Postby michiru7422 » Mon Oct 28, 2013 12:56 am

What words we use to refer to the system has to do with the context of whether it's okay to be known individually (we) or as a system (I). Because our system is not "out", it's usually a much more deliberate choice to use "we" and tends to refer to more collective and collaborative answers. When individual alters express their opinions, they always use "I". Referring to other alters is like "another part of me" or "someone else/he/she/they" or "I", depending on the context.

Mostly though, for our system, it depends a lot on how the person who is speaking defines the inclusiveness rather than the words. If it's supposed to pertain to everyone, the person speaking tends to get in trouble, but if it's okay to disagree, mostly it's okay.

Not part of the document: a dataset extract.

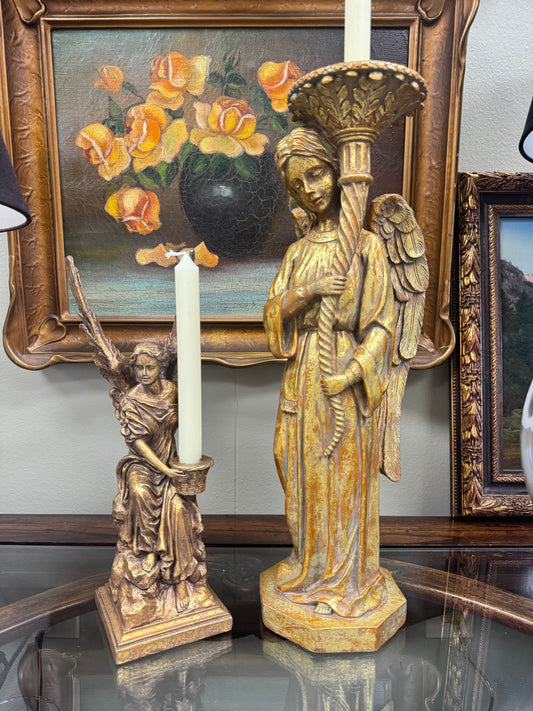 Set of 2 Angel Candle Holders – Antique Gold Style Resin Figurine Candle Sticks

Our solution for that has been to come up with system-approved answers that most of us can live with and that speak for the system as a whole rather than individual alters saying something about the system or making individual decisions that everyone else has to live with (for continuity/not being "out" reasons).

Sometimes people vehemently disagree with system-approved answers, and in those cases, we usually try to negotiate a (more middle-of-the-road) course of action that the system as a whole can live with. But we also usually end up saying to the person who pushed for the more extreme action, "You have to deal with the consequences."

I hope that you were able to understand and that this was helpful... This question really made us think!